I recently read an article by Knight Kiplinger of Kiplinger’s magazine. Kiplinger wrote:

“Sure, I yearn for some aspects of the America of my boyhood, the 1950s, when there was better social order and respect for authority, fewer divorces (underline added by me) and no public vulgarity in popular culture.”

He goes on to say:

“But that was also an era in which a higher proportion of Americans lived in poverty, air and water pollution was far worse, fewer young people could go to college, the average standard of living was much lower, and discrimination against women and racial minorities was rampant – and legal – in all aspects of American life.”

Relating Kiplinger’s words to my profession, it makes me wonder if our society was destined to have an increase in divorces as a natural result of the advances Kiplinger lists (and others he doesn’t list). Is it better to “stick out” a “bad” marriage, or is that also 1950s thinking that has gone the way of poverty, pollution, and discrimination as described by Kiplinger?

This is a question that has to be answered by each of us as individuals.
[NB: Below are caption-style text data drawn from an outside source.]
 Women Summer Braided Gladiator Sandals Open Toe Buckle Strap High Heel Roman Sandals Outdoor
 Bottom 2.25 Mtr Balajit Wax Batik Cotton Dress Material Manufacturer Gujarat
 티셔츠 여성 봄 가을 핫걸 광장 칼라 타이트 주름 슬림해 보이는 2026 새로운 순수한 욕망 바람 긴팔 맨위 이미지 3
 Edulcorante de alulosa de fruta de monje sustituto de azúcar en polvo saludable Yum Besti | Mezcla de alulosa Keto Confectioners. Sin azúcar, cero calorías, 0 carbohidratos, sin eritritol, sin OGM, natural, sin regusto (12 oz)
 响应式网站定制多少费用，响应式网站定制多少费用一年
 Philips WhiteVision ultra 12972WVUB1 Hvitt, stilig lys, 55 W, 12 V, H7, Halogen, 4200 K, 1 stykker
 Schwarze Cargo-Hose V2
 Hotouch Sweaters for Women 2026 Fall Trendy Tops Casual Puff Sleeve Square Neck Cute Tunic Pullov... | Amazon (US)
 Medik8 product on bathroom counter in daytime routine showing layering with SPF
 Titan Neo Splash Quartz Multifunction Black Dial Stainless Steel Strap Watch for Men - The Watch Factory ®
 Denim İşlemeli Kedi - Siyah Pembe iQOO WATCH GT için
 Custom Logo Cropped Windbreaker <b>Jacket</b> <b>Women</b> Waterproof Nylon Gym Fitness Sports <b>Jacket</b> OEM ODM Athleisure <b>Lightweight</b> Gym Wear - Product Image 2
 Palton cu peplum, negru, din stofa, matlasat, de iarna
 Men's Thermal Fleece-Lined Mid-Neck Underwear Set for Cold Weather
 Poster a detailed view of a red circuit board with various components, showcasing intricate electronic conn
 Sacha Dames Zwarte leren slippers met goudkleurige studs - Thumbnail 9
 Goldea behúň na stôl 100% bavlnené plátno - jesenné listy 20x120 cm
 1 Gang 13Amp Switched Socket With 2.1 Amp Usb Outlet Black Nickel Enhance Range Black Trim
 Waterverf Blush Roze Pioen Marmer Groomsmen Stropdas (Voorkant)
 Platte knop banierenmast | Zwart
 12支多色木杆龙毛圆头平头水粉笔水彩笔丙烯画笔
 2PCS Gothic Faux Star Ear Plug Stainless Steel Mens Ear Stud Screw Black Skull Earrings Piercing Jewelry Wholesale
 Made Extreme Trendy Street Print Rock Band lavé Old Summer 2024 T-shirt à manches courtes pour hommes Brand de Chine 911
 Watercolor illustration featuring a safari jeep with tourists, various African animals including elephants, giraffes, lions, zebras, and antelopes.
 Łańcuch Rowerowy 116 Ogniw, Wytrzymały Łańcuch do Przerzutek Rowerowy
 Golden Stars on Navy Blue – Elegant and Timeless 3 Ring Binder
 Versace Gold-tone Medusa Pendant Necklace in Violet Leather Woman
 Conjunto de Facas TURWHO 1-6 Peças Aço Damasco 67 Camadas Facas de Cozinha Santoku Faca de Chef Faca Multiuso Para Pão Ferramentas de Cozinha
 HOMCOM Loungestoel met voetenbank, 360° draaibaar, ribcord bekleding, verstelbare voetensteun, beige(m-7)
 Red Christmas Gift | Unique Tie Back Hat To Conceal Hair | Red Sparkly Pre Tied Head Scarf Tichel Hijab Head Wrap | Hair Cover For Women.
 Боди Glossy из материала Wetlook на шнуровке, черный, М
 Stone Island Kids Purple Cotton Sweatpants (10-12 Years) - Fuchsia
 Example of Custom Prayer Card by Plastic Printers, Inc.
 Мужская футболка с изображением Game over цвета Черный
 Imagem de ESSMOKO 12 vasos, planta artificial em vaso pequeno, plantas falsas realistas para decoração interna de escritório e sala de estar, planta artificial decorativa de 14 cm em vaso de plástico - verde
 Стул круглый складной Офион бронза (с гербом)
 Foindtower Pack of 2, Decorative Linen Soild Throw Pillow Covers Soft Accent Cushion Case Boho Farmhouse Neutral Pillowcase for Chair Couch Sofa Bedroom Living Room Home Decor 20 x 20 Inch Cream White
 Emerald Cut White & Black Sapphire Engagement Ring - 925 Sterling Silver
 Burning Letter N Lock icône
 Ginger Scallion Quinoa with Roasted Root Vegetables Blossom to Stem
However, I feel strongly that today’s opportunities don’t have to mean a complete absence of yesterday’s order and simplicity.

Improved technology doesn’t mean we have to lose personal contact. Increased income and education doesn’t mean we have to lose respect for others. An increase in divorces doesn’t mean we have to allow conflict and anger to consume our families.

It all comes down to choices.

We have the ability to choose to maintain personal contact, to maintain respect for others, and to maintain cooperativeness and civility in divorces.

Divorces are a regular part of today’s society. Conflict, anger, and violence don’t have to be. The choice is ours.